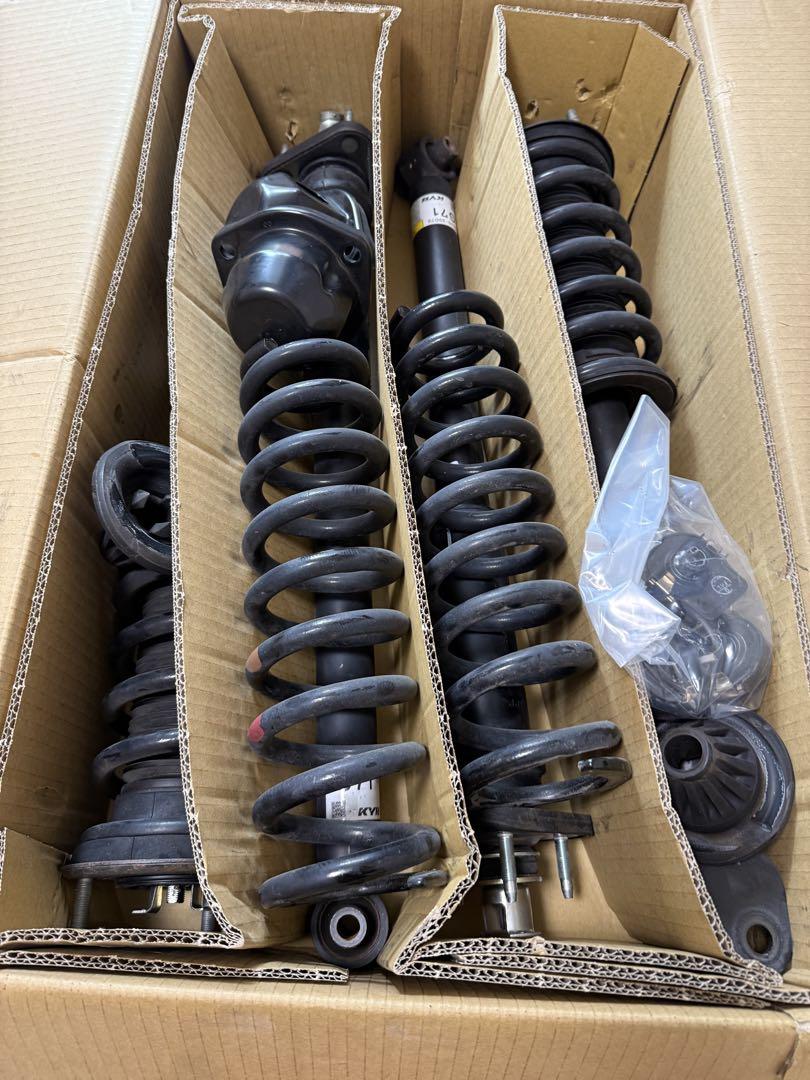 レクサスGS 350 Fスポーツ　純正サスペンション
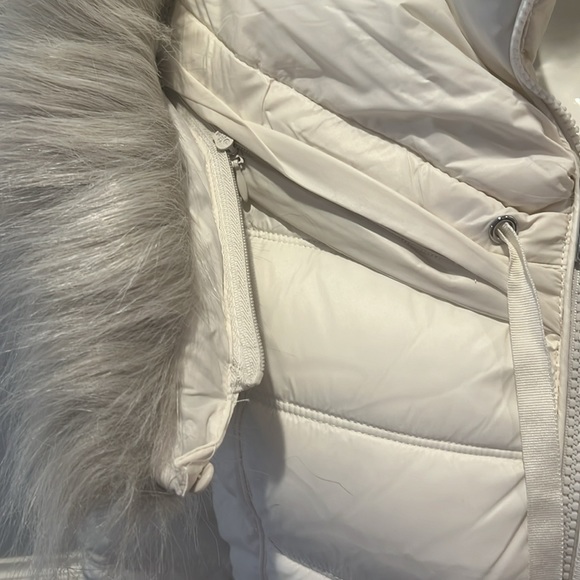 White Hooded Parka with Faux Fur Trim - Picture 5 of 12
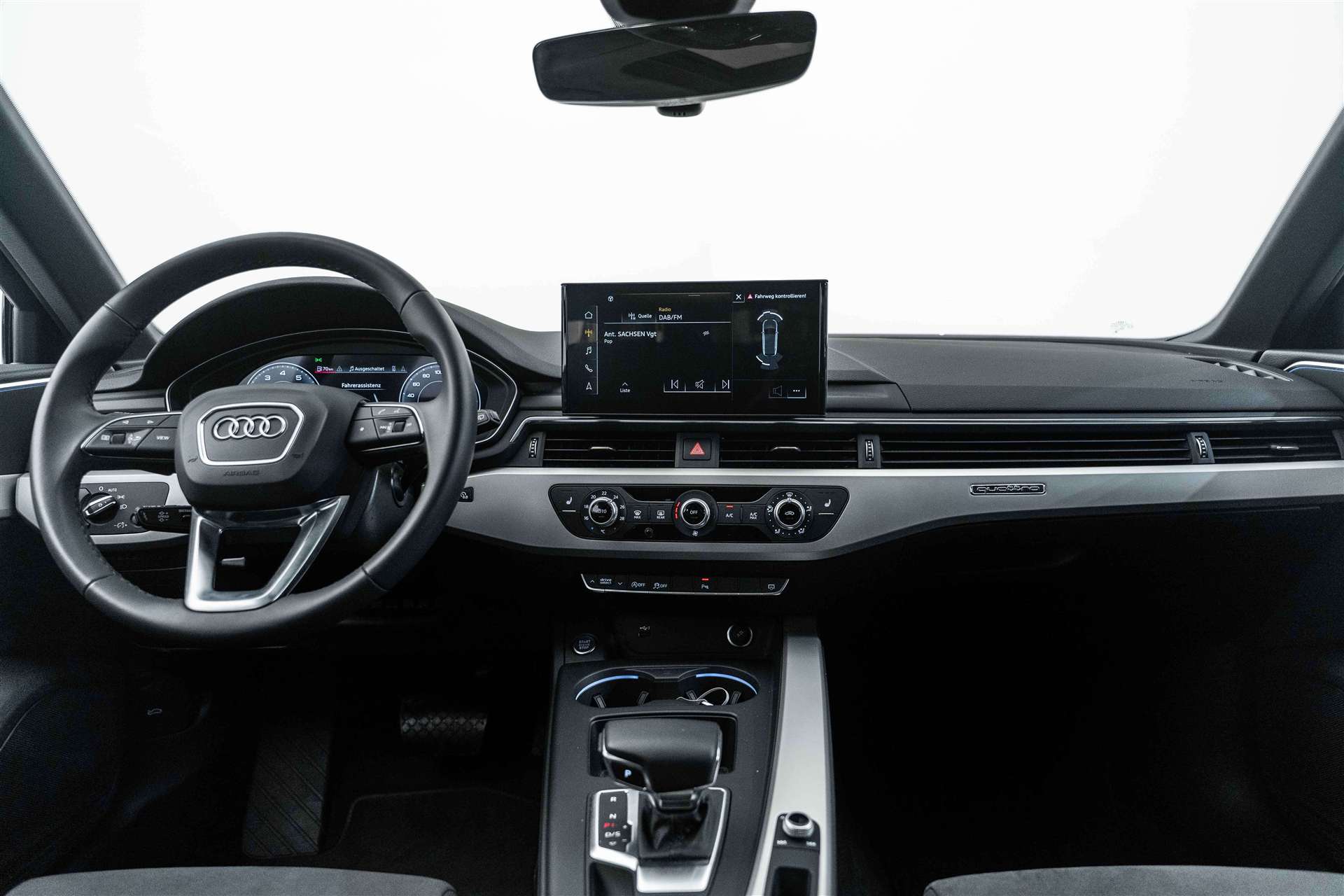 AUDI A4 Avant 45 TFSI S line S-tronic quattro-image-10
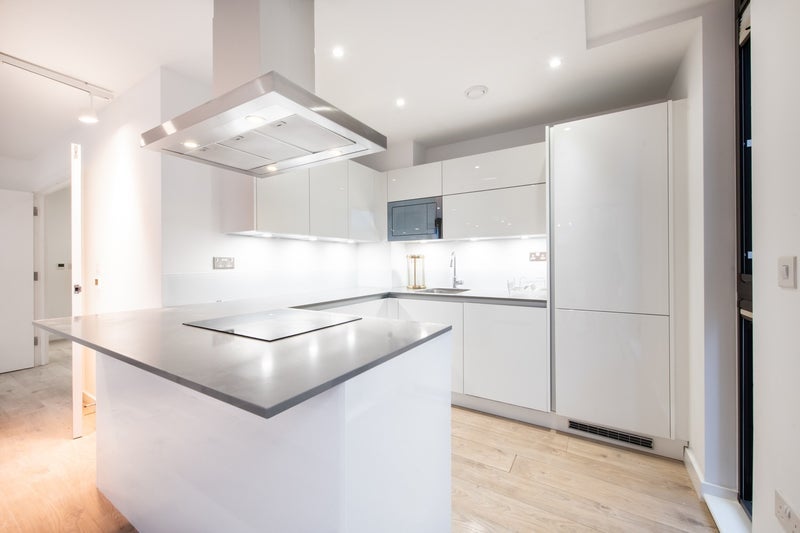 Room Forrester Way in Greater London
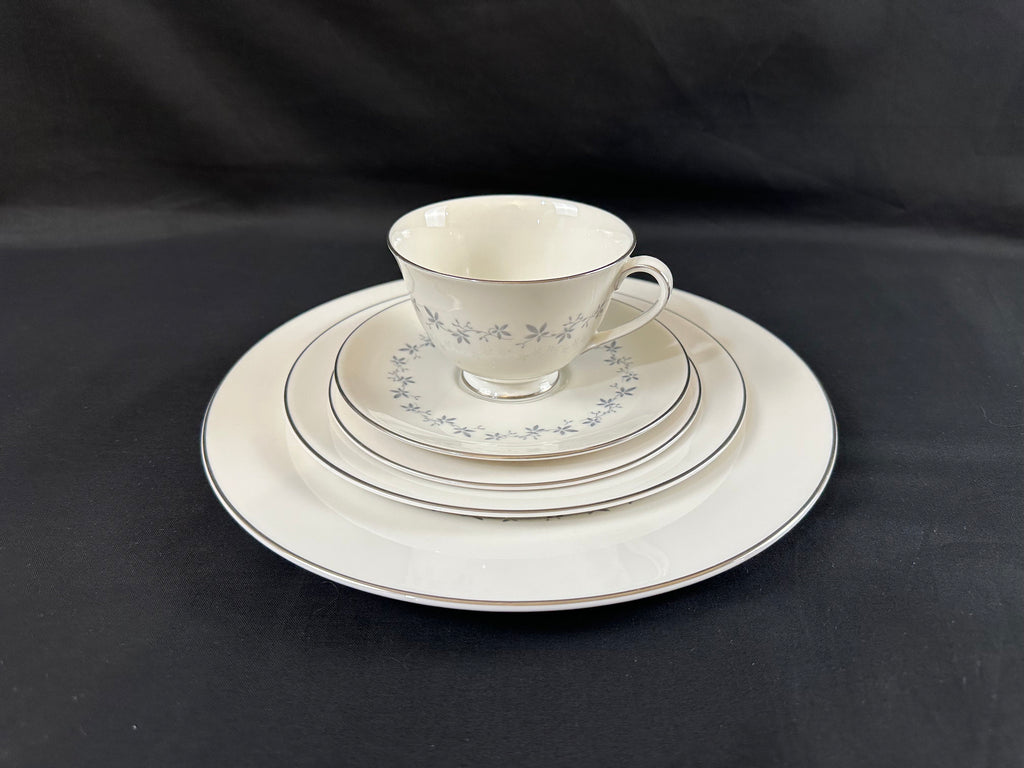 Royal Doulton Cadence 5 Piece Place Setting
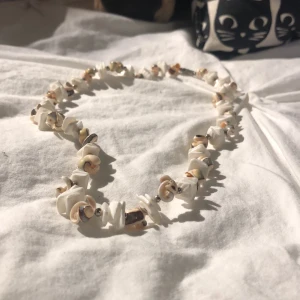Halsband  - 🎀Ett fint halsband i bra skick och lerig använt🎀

==

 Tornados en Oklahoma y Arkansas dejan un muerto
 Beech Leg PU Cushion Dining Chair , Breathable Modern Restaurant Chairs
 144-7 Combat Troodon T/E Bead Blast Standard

* * *

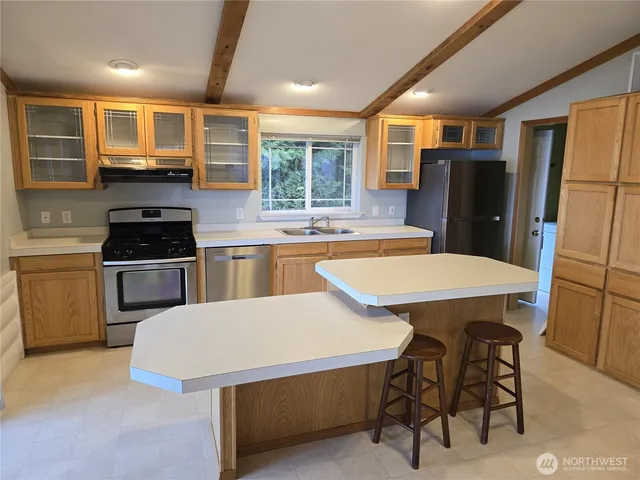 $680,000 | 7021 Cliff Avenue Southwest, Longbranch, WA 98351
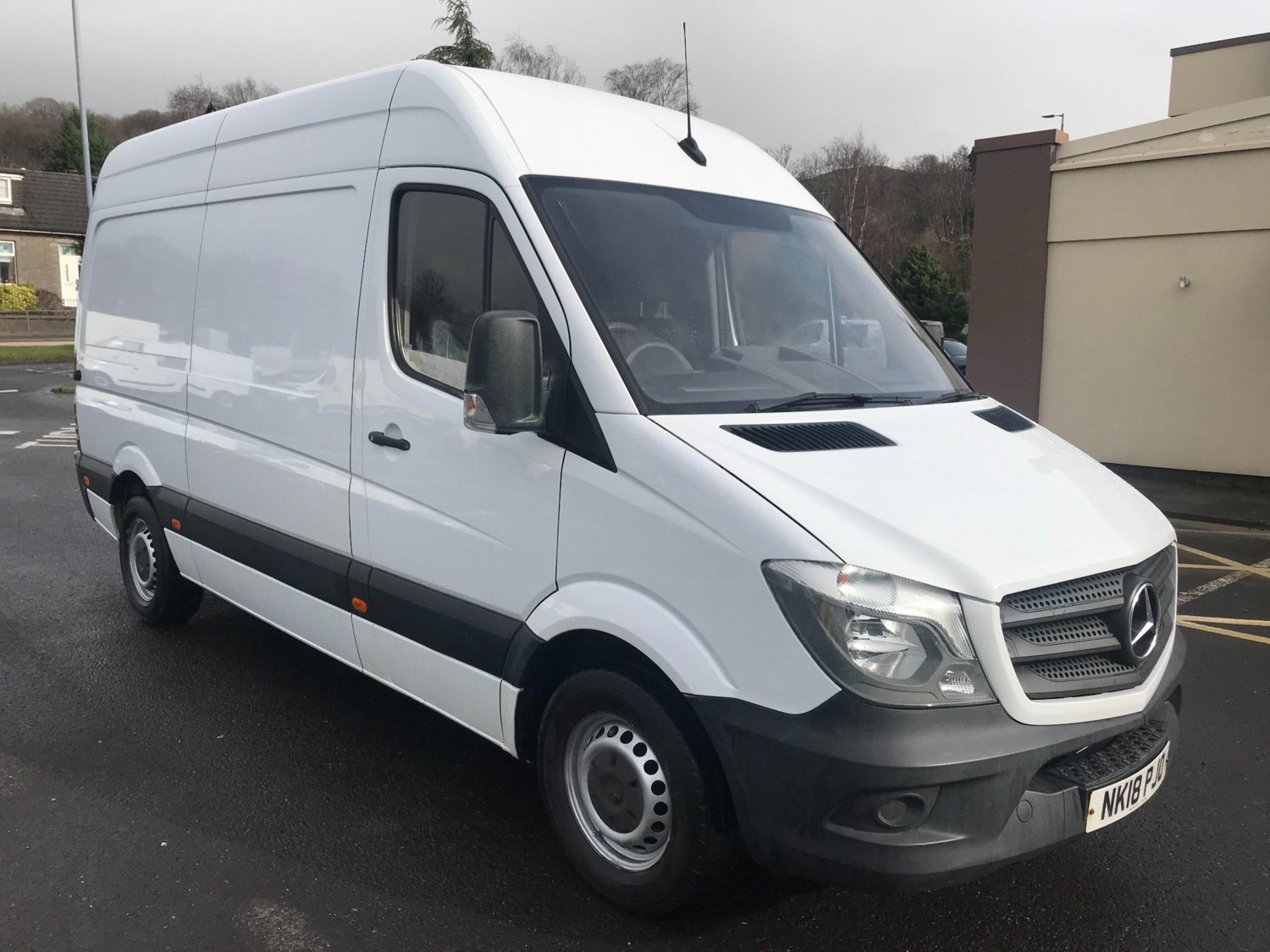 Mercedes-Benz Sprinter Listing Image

• EXERCISE DETAILS: Look through the data above and return exactly the lines from the one that contains "Beech Leg PU" to the one that contains "144-7 Combat Troodon T/E Bead Blast Standard", inclusive, with nothing else.

• EXERCISE OUTPUT:
 Beech Leg PU Cushion Dining Chair , Breathable Modern Restaurant Chairs
 144-7 Combat Troodon T/E Bead Blast Standard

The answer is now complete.